When I joined Moorfields Eye Hospital in 2010 and UCL Institute of Ophthalmology in 2011, both were already world-leading – but are currently based in cramped buildings with limited facilities and restricted floor plans.
I have always been used to a more open plan approach where you have communal spaces to allow for collaboration to thrive. With both organisations being fully integrated from 2027, we will have those opportunities; a much stronger partnership; and ultimately even greater successes on behalf of our patients.
This building cannot have come at a better time for our work.
Ten years ago, getting a diagnosis of a genetic eye condition was challenging. Now, testing is routinely available on the NHS. To have this new facility as we embrace an era of genomic medicine is a hugely exciting prospect, and I hope that in another ten years’ time we will see consequences of that.
The patient | Chris Telesford
Chris Telesford is a volunteer patient safety partner at Moorfields Eye Hospital, an entrepreneur, and a Taekwondo Para-Poomsae athlete for Great Britain.
At 44, I’ve been a patient of Moorfields since November 1980 – when I was just one month old.
I was diagnosed at the time with a bilateral coloboma [missing tissue] of the optic disc with nystagmus [involuntary movement], and at that point I was the only person that Moorfields had ever seen with a coloboma of that type. Even now, I only know of one other person who shares my exact condition.
Unfortunately, that incredible rarity means that there is comparatively little research into bespoke treatments.
However, I am one of thousands to benefit from the incredible progress being made in ophthalmic research. As well as a corrected retinal tear, I have had two cataract operations – both of which have hugely improved my vision. If you go back only 15 years, these are procedures that would not have been an effective treatment option for me.
While I am registered blind, my vision is a world away from what it was – and the Moorfields community goes far beyond the clinical treatments available at any given time.
There is a huge focus on helping individual patients to live well with their diagnosis. That can involve support in the use of assistive technology but just as often means giving people the practical guidance and motivation to go out and achieve their aspirations.

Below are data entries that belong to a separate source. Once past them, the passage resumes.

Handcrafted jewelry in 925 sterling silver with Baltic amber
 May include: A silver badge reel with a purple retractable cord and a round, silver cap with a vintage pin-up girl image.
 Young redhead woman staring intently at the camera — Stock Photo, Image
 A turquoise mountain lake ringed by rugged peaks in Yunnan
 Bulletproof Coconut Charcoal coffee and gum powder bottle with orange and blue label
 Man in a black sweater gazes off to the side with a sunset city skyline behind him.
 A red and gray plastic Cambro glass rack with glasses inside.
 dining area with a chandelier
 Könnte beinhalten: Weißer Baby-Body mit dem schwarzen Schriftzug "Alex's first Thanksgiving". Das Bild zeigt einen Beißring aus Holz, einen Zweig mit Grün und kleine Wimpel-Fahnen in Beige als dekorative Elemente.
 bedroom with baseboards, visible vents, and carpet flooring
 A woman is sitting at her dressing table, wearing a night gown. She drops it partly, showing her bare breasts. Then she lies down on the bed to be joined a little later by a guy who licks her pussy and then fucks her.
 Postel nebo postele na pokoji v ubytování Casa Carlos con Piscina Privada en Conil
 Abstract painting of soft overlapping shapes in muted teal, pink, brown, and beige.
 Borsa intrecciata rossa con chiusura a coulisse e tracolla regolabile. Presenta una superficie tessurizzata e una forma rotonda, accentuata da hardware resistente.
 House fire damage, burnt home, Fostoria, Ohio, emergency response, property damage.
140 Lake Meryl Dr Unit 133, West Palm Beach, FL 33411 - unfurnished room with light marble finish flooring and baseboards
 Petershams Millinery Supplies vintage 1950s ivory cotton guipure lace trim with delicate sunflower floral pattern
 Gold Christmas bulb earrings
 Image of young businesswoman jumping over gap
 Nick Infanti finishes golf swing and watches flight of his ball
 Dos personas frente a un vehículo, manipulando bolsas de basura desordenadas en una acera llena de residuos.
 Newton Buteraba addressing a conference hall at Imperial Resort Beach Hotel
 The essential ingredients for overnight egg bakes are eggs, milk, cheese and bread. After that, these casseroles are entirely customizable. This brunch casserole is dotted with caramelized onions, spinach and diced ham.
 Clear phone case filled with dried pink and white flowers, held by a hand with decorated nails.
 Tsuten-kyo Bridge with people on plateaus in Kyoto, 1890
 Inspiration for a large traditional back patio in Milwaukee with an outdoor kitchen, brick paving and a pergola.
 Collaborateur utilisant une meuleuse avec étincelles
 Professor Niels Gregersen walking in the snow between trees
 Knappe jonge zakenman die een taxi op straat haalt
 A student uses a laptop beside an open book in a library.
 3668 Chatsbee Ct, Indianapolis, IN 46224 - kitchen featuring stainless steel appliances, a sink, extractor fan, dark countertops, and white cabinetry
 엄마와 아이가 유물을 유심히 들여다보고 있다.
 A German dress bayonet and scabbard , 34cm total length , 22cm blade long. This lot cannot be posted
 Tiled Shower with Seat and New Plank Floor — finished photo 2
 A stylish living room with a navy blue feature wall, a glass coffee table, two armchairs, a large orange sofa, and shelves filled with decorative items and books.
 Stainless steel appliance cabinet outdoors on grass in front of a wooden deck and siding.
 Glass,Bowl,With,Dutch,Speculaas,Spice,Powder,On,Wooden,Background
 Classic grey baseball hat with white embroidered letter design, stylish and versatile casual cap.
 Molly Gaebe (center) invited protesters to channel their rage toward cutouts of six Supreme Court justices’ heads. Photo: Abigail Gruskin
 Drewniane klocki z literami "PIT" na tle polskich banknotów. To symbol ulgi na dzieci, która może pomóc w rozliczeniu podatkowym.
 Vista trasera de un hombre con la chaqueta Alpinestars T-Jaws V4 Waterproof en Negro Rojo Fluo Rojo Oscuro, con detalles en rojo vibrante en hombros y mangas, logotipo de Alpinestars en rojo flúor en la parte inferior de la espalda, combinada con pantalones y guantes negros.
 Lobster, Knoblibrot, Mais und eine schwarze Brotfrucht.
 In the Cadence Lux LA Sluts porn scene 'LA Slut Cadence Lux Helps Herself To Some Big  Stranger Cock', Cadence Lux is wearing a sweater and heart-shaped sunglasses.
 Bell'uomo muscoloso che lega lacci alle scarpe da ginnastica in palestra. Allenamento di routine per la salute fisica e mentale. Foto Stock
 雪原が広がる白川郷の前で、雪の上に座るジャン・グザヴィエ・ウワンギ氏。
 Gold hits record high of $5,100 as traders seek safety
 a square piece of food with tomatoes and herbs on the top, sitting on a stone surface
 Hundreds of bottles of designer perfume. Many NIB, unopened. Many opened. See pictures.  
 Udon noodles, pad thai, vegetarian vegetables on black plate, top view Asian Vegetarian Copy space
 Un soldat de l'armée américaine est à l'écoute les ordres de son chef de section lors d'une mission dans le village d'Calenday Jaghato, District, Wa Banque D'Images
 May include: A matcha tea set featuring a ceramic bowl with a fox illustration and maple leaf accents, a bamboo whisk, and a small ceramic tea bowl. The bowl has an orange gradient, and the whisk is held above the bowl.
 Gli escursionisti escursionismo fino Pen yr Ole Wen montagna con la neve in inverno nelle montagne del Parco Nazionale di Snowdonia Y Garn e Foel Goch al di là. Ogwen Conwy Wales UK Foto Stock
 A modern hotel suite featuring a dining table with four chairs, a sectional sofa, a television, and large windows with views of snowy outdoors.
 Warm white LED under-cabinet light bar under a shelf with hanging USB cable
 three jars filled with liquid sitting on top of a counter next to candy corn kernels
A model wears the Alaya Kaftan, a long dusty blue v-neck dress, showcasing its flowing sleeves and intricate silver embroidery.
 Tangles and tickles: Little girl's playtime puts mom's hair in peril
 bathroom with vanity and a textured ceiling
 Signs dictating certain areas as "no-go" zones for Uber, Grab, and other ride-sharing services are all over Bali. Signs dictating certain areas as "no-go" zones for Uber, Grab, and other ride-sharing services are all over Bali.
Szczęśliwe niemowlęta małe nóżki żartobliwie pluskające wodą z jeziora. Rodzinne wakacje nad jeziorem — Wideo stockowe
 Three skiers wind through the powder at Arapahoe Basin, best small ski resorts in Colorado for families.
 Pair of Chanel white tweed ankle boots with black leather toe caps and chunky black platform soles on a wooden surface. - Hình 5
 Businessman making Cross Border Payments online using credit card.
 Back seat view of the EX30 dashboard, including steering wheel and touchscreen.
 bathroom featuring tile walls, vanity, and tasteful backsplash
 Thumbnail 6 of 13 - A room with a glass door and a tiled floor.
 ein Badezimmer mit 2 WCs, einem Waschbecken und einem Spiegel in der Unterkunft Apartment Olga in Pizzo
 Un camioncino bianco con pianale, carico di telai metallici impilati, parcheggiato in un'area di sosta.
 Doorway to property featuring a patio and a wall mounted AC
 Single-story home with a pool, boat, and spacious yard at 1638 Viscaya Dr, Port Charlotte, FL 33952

With this support, I have recently completed an MBA and regularly compete as part of the GB Para Poomsae Taekwondo squad – the culmination of a four-decade passion for martial arts which I’ve now been inspired to share with others living with sight loss.
This human, holistic view is what makes Moorfields Eye Hospital and Moorfields Eye Charity so special – and in partnership with UCL they can help millions more people like me, not just in the UK but around the world.
The research that takes place here is second to none. I have heard from US-based patients who say “You know what? I want to go to the world leaders.” and have travelled to London because of what is taking place here right now.
The opening of the new eye care centre will elevate this to another level.
It streamlines access to those vital services and will mark the first-time organisations of this incredible calibre are able to do real-time research alongside us, the patients. The impact will be nothing short of phenomenal.
It’s why I am so proud to serve as a volunteer patient safety partner at Moorfields – and as we get nearer to this move, one of my roles is to engage with fellow patients and make sure their voices are heard at every stage of this process. The remit is vast; it’s almost a full-time job on its own!
When I meet with patients – some of whom have many spent many decades as outpatients at the existing hospital site – some do express anxieties or practical concerns about the move. It is my job to reflect that to project leaders and work hard to address them.
However, I have seen first-hand that treatment and patient experience is only going to get better. In fact, I sometimes wonder – if the Oriel partnership and the new centre had been around in the 1980s, is there a chance I would now have perfect vision?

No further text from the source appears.